# [Available data]

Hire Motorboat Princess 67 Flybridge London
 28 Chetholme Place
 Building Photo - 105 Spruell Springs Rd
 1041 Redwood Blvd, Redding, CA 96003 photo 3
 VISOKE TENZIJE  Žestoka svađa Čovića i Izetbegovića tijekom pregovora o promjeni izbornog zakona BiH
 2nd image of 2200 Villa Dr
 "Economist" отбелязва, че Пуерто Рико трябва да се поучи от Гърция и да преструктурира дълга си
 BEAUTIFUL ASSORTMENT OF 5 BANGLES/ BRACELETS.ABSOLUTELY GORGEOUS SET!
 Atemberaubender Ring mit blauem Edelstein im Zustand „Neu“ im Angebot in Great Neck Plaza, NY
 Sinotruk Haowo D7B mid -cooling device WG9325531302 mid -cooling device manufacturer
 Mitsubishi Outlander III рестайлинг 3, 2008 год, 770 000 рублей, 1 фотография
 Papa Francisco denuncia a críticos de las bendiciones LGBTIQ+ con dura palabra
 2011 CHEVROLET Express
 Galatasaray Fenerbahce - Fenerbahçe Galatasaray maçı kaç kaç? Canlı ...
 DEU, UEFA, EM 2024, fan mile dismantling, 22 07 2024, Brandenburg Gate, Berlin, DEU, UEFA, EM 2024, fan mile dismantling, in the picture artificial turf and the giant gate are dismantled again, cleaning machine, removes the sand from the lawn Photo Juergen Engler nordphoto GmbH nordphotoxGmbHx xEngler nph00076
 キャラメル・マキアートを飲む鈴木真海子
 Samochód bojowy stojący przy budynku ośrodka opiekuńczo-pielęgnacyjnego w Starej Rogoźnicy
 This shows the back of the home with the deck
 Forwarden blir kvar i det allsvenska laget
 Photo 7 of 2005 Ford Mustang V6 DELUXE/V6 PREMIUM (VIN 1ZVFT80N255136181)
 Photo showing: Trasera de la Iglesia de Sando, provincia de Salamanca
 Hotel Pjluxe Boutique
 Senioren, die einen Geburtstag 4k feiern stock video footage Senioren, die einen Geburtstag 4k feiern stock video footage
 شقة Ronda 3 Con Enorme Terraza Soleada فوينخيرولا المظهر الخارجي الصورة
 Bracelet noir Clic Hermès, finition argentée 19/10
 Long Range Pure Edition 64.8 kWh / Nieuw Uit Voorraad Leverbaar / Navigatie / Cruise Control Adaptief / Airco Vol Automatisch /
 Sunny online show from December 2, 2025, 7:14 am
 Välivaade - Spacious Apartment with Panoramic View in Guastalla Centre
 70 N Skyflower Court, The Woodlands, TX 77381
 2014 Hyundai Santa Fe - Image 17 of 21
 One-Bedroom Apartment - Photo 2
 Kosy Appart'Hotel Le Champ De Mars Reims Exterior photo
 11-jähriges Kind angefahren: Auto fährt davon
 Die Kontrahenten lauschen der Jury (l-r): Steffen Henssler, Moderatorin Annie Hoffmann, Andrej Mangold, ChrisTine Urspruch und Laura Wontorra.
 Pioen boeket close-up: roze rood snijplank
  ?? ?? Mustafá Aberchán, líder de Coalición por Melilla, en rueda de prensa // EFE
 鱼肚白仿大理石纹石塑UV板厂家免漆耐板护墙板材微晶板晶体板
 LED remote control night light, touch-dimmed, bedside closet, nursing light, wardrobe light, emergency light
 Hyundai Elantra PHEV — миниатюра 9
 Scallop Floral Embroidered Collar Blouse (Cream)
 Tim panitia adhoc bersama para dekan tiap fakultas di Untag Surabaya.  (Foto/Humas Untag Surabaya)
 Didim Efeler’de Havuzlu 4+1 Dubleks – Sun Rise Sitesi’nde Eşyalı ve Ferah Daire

# [Problem details]
Transcribe the records above from the line holding "شقة Ronda 3" down to the line holding "Long Range Pure", inclusive, without adding anything.

# [Exercise response]
 شقة Ronda 3 Con Enorme Terraza Soleada فوينخيرولا المظهر الخارجي الصورة
 Bracelet noir Clic Hermès, finition argentée 19/10
 Long Range Pure Edition 64.8 kWh / Nieuw Uit Voorraad Leverbaar / Navigatie / Cruise Control Adaptief / Airco Vol Automatisch /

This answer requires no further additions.